Every Heyting algebra can be thought of as a bicartesian closed category through which is also a poset.
We may interpret classical logic in a Heyting algebra if we ask of their pseudocomplements to be complements, i.e: to be boolean.
Can we give a similar definition with bicartesian closed categories in general and not get a preorder? That is, a "boolean bicartesian closed category".
Intuitively I'd say you can't but who knows.
On
No, not in the manner you suggest. The "collapse" starts to happen the moment you allow initial objects and the exponential (and the product) to come together. That's for Cartesian closed categories. It doesn't matter whether it's bi-Cartesian or not.
I showed, in some detail, where and how the cascade of collapses happen here Decidability of bi-cartesian closed categories.
All of the "negative" formulae - those expressible as $¬A$, a.k.a. "regular" formulae - fall into a boolean lattice, where negation is defined by $¬A = A ⊃ ⊥$, and $⊥$ corresponds to the initial object.
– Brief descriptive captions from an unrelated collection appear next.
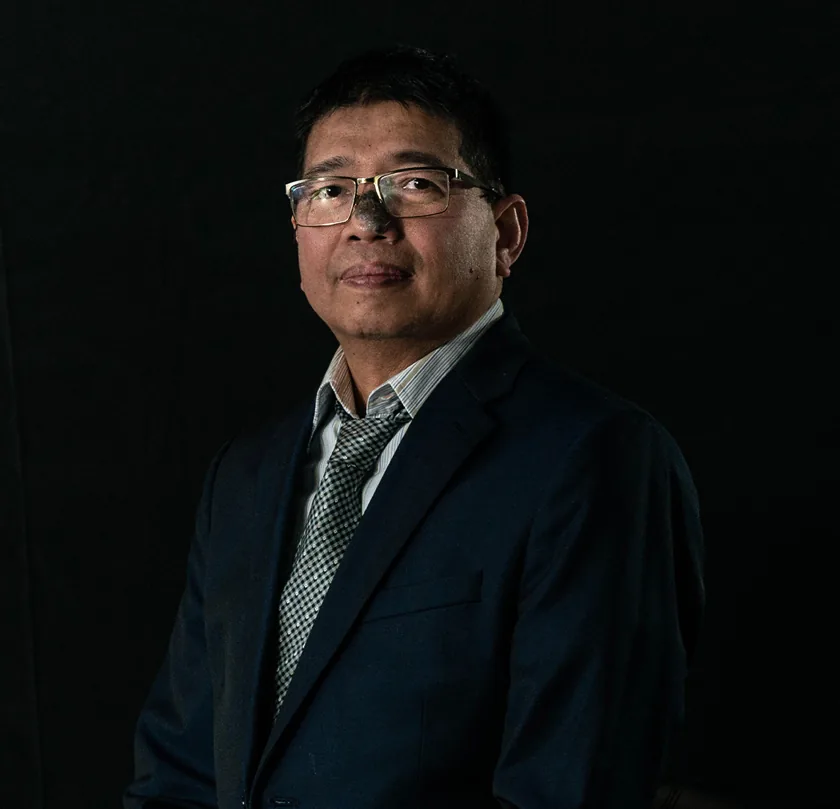 Professional portrait of male engineer in Design and Engineering Works business attire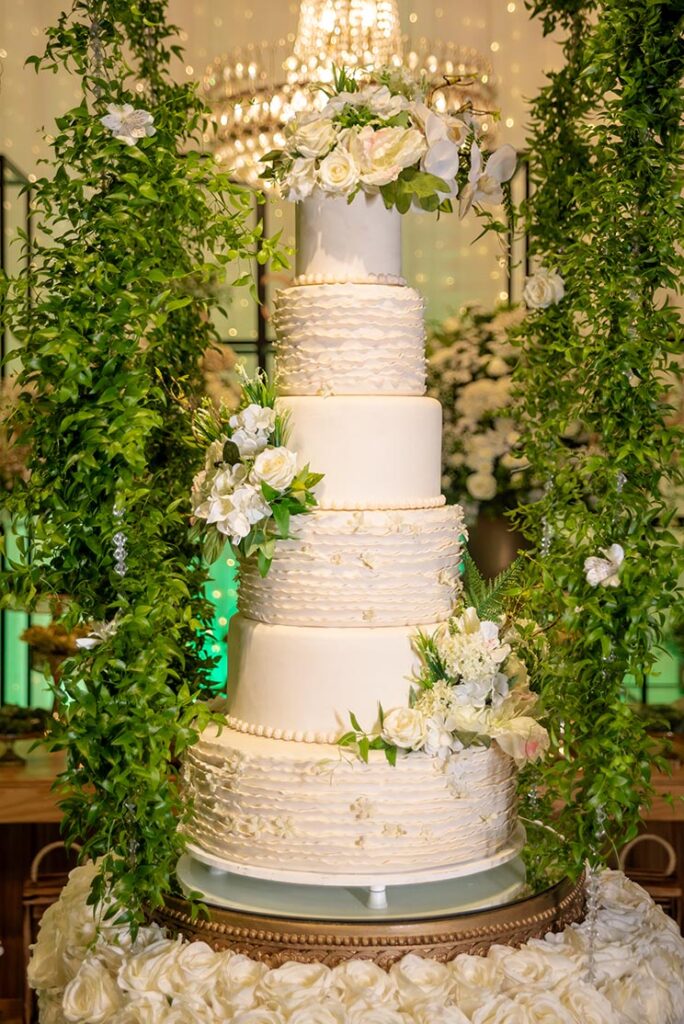 Bolo de casamento branco de vários andares cercado por flores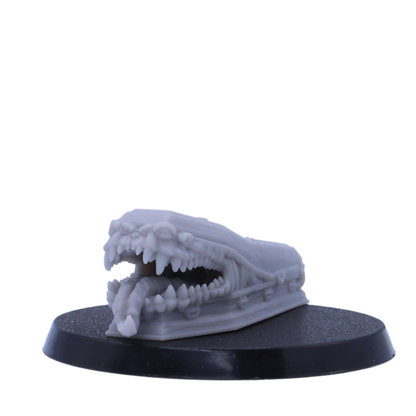 Coffin Mimic miniature with an open monstrous mouth and tongue.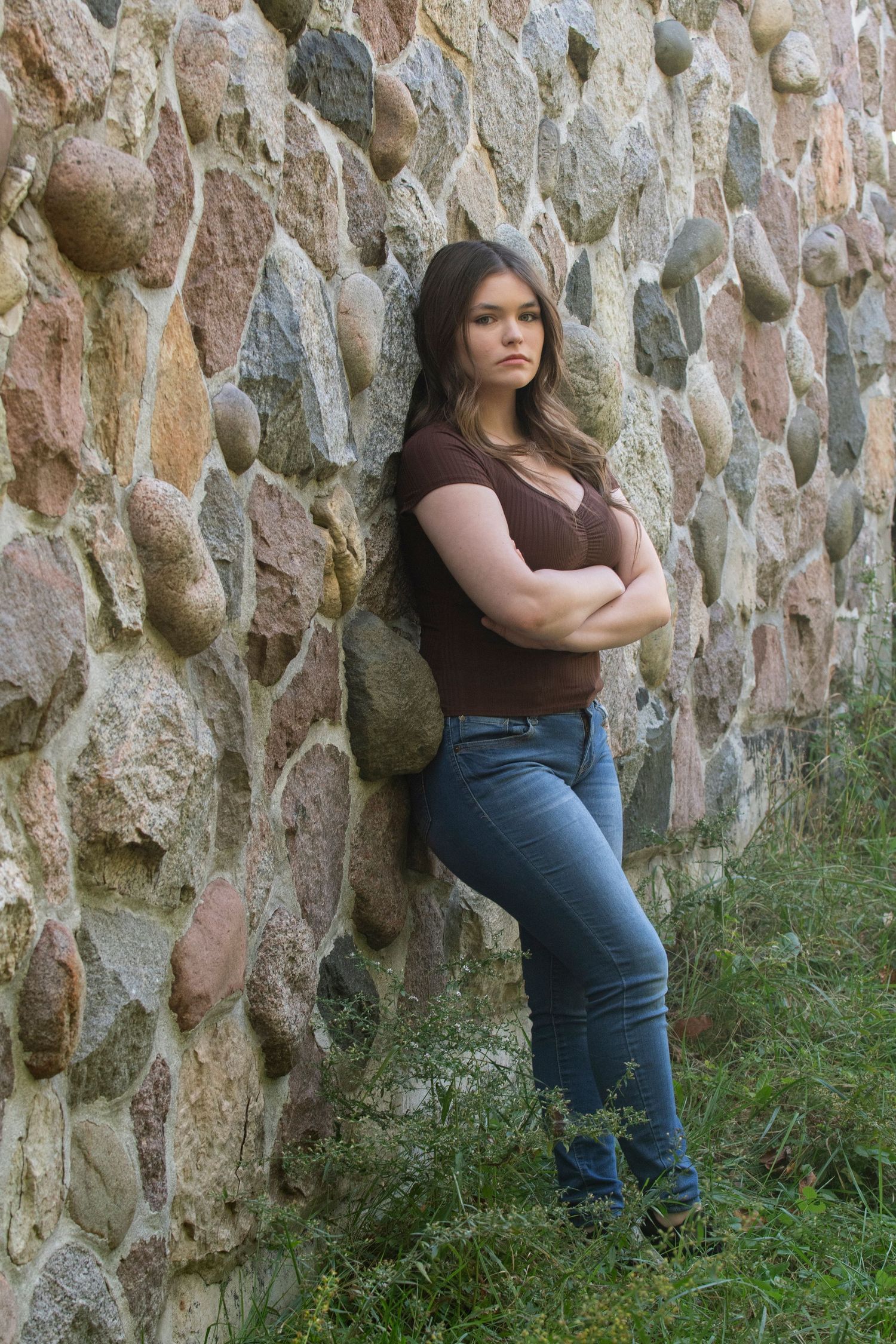 High school senior poses against rustic stone wall in the Kettle Moraine State Park in Delafield, WI for her Simply Junique Portrait Session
More generally and more precisely, the unique morphism $f: A → ¬B$ that witnesses the conditional $A ⊃ ¬B$ is given by $f = ⋀{([]_{A∧B})}^{-1}$, using the notation in the linked reply. This is true regardless of whether $A$ is negative or not.
The linked reply shows that if $g: A∧B → ⊥$, then $g = ([]_{A∧B})^{-1}$, where $[]_{A∧B}: ⊥ → A∧B$ is the unique morphism that witnesses the conditinal $⊥ ⊃ A∧B$. Under the "Curry" operator $⋀$, this becomes $⋀g: A → B ⊃ ⊥$. Conversely, if $f: A → ¬B = B ⊃ ⊥$, then $⋁f: A∧B → ⊥$, where $⋁$ is the inverse of the Curry operator, and uniqueness then gives us $⋁f = ([]_{A∧B})^{-1}$.
Nothing in this makes any mention of a co-product or requires it.
We can define Boolean bicartesian closed categories : for each object $A$, the canonical morphism from A to its bidual is an isomorphism. Then we can prove that such categories are necessarily thin.
If you accept the product not to be Cartesian, then you can consider star-autonomous categories: there are such categories that are not thin.